The testimony of SO2 Cristopher Viaña (SO2 Viaña), a part of the apprehending team, further reveals that it was only the barangay official who was present at the time of the inventory:

Q
At that time Mr. Witness, there was no barangay official either DOJ representative?

A
Yes, ma'am. Media.

Q
After he was subdued Mr. Witness, what did you do to whim (sic)?

A
We waited for the barangay official

Q
What do you mean, "he was there"?

A
He was lying faced down.

Q
What time did the barangay captain arrived (sic)?

A
I cannot exactly remember the time but it was only for a short time after we subdued him.

Q
Where did you mark the shabu, Mr.
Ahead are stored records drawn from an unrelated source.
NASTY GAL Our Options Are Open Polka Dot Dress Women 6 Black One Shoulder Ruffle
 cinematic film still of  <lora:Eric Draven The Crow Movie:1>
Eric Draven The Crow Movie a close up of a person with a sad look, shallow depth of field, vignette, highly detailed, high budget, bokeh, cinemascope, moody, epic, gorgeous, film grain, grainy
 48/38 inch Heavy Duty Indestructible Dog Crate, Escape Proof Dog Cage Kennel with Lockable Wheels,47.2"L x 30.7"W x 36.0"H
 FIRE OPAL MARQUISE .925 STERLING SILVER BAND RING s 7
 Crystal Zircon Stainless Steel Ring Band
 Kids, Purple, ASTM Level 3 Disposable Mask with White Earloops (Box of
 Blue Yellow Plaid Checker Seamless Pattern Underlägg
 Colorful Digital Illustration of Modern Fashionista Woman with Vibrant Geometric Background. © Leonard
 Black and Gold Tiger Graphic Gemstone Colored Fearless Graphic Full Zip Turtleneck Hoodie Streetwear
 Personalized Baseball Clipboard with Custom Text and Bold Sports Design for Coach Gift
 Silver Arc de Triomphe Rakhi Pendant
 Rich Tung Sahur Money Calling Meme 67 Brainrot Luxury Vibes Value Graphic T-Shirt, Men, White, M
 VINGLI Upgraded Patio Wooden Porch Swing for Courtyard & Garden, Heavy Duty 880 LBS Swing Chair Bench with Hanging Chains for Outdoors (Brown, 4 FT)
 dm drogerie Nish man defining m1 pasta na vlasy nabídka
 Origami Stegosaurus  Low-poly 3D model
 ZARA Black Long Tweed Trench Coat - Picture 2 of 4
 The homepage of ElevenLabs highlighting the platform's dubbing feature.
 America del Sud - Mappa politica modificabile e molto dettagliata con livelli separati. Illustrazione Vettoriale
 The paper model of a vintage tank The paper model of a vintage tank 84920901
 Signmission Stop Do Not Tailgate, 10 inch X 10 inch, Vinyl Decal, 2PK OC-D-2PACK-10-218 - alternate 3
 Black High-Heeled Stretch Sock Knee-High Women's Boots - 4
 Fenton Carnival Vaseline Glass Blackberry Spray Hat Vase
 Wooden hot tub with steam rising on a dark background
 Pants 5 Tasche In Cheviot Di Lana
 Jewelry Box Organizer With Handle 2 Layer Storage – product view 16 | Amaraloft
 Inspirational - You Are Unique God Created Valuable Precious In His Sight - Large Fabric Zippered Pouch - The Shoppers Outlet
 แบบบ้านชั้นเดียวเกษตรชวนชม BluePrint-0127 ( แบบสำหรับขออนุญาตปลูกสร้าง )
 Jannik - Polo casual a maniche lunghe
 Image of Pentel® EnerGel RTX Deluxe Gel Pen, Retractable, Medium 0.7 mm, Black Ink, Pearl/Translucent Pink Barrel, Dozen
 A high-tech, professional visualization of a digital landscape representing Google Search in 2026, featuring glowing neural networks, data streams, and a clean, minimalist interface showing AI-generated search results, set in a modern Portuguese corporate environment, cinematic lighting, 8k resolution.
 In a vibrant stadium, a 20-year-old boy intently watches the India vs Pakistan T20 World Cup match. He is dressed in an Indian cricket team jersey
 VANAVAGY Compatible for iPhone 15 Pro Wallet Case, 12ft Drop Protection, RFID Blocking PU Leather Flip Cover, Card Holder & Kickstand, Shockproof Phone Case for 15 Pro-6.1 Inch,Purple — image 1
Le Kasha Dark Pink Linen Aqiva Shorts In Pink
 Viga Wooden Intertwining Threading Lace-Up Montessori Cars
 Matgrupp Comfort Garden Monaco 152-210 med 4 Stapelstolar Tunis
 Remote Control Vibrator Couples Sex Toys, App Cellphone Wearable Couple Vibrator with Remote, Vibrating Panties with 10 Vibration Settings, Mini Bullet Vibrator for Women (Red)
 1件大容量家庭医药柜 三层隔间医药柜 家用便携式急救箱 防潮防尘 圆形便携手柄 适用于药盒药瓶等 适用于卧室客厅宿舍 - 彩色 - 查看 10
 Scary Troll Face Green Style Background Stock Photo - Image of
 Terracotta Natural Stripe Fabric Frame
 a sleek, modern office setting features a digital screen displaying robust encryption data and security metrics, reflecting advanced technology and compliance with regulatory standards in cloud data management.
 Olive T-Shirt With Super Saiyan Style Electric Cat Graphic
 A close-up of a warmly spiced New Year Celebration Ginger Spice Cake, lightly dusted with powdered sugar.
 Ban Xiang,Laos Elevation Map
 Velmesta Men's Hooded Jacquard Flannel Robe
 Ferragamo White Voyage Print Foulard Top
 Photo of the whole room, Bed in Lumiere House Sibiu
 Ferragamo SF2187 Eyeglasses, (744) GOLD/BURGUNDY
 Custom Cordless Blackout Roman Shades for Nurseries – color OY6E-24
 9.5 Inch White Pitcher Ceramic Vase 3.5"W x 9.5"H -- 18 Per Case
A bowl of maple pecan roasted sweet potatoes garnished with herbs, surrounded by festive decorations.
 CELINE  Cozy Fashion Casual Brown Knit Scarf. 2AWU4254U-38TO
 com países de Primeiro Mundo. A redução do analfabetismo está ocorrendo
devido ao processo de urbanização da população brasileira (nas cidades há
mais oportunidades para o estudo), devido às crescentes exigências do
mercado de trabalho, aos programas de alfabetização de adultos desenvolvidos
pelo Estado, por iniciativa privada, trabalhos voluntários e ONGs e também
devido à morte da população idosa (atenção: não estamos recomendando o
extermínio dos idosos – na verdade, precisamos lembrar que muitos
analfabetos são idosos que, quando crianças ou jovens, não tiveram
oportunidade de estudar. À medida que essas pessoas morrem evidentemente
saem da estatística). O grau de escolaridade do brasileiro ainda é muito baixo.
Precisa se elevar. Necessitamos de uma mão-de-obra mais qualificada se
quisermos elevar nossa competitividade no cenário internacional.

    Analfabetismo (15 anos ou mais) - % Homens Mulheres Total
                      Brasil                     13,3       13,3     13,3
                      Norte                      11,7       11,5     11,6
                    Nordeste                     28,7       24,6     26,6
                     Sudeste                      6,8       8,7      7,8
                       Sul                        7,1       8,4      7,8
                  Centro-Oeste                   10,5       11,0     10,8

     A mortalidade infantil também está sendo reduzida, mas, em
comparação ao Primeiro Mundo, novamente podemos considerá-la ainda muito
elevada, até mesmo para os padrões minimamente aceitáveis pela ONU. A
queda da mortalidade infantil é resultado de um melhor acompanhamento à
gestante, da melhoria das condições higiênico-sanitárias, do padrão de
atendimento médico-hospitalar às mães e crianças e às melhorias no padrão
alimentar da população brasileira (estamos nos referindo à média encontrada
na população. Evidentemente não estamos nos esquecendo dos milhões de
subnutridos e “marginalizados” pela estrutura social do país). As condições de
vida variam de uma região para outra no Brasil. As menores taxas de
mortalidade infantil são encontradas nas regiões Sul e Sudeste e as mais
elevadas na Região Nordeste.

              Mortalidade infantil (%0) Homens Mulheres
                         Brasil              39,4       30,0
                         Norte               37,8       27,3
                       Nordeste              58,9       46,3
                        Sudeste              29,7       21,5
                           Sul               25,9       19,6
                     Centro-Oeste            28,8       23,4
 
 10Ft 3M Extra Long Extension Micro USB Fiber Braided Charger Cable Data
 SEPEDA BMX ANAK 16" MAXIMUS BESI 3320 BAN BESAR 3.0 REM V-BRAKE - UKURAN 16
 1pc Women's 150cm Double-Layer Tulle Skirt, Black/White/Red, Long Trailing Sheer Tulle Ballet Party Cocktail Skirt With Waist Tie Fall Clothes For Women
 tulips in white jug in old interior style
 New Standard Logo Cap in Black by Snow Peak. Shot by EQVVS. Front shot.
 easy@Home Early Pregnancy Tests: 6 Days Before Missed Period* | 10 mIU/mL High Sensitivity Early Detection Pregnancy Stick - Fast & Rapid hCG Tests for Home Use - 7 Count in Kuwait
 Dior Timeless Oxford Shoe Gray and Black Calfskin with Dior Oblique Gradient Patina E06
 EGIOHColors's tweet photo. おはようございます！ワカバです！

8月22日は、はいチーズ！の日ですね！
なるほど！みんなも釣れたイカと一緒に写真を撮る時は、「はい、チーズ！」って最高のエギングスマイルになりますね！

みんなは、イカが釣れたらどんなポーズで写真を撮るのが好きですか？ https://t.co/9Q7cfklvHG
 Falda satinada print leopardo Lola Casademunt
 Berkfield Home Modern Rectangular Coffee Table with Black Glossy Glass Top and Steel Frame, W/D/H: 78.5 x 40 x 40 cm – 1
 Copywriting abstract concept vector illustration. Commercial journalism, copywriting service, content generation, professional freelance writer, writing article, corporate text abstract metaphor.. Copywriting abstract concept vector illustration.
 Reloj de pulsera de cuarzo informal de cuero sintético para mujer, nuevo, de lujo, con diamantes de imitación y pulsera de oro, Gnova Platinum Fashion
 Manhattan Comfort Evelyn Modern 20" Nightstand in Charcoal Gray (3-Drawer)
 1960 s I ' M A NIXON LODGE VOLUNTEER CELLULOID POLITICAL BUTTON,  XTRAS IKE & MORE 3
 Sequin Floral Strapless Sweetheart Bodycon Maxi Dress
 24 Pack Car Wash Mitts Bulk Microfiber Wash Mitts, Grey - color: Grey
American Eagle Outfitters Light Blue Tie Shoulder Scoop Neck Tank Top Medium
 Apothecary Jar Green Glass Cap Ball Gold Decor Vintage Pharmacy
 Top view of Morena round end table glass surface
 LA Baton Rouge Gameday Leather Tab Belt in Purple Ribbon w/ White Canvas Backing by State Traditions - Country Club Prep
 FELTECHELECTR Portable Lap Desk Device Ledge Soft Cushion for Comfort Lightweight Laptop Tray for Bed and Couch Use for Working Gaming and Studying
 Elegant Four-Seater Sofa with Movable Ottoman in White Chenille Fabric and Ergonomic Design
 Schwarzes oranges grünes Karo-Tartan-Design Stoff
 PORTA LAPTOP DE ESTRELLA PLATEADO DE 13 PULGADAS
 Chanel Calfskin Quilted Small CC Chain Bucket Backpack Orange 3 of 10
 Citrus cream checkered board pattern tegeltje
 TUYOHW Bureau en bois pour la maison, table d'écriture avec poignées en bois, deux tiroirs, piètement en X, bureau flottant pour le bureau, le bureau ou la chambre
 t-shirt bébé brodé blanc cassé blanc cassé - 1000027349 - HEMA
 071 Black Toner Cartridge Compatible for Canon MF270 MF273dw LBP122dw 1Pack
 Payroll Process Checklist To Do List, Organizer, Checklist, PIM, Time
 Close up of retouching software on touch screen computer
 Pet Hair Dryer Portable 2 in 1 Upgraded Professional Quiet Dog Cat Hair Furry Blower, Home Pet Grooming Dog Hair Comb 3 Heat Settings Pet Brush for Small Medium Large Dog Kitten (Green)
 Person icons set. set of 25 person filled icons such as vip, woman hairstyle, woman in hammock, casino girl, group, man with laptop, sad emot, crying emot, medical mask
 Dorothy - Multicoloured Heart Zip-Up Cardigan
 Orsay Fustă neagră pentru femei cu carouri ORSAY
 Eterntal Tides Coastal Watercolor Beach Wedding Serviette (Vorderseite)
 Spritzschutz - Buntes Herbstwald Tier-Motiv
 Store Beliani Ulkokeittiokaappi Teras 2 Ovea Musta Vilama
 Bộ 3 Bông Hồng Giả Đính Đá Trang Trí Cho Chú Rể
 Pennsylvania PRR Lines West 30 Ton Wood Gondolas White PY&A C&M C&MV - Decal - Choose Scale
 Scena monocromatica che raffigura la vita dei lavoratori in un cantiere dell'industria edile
Witness?

A
On the road where the incident happened.[24] (Emphasis supplied)



The above facts were likewise corroborated by the testimonies of Cabezudo and Reno Pisalbon (Pisalbon), the barangay captain who signed the inventory receipt. Barangay captain Pisalbon's testimony further confirms that two of the three required witnesses – the DOJ representative and the member of the media – were not present at the time of the inventory:

Q
Do you recall of any unusual incident Mr. witness, at that time?

A
Yes, ma'am.

Q
Will you please tell us?

A
At that time when I was eating[,] Barangay Tanod arrived and he told me that there was someone caught by a PDEA who is selling drugs.

Q
Upon hearing that information[,] what did you do Mr. witness?

A
We went to the barangay hall and I saw Edwin Cabezudo with handcuff.


x x x x


Q
So, what else happened when they were still inside the barangay hall?

A
None, ma'am. I can not recall.


Q
Aside from the PDEA members were you able to see a member of the media?

A
None, ma'am.


Q
What about a member from the DOJ?

A
None, ma'am.[25] (Emphasis supplied)


On the other hand, it may be inferred from Cabezudo's testimony that the other witnesses were already "called-in" to sign the inventory receipt, and that the inventory had already been completed at the place of apprehension – where only the barangay official was present:

Q
When you were already in the barangay hall of Palanas, what happened next, if any?

A
They let me sit in the chair and we waited for the barangay captain.

x x x x

Q
What time did the barangay captain of Palanas arrive, Mr. Witness?

A
At about 1:00 o'clock, ma'am.


x x x x


Q
After that, Mr. Witness, what happened?

A
They put me in the blotter, in the barangay.


Q
After the blotter what happened next?

A
After that I saw them that they were looking for a Xerox machine because they will photocopy the Five Hundred peso (Php500.00) bill.


Q
Did you find photocopy machine?

A
Yes, ma'am in the barangay hall.


Q
Was the money photocopied, Mr. Witness.

A
Yes, ma'am.


Q
After the money was photocopied, what did they do next, Mr. Witness?

A
They instructed the barangay secretary to put it in the blotter.


Q
And then after that what happened?

A
We waited for the DOJ representative.


Q
For how long did you wait for that DOJ representative?

A
At about 3:00 o'clock the DOJ representative arrived.


Q
After the DOJ representative arrived, what did they do next?

A
I saw them signing a document, ma'am.


Q
What was the document that they were signing?

A
I don't know.


Q
After they signed the document, what did they do next?

A
They left.[26] (Emphasis supplied)



It is important to point out that the members of the apprehending team in this case had more than ample time to comply with the requirements established by law. By their own version of the facts, as previously narrated, they received the information from their confidential informant at 9:30 a.m. on August 16, 2011, and they had ample discretion as to when to conduct the buy-bust operation because the confidential informant supposedly had direct contact with Cabezudo. They even had time to prepare a Pre-Operation Report[27] and coordinate with their Regional Office before the operation was actually conducted.[28] The officers, therefore, could have complied with the requirements of the law had they intended to. However, the apprehending officers in this case did not exert even the slightest of effort to secure the attendance of two of the three required witnesses. Worse, neither the police officers nor the prosecution – during the trial – offered any explanation for their deviation from the strict requirements of the law.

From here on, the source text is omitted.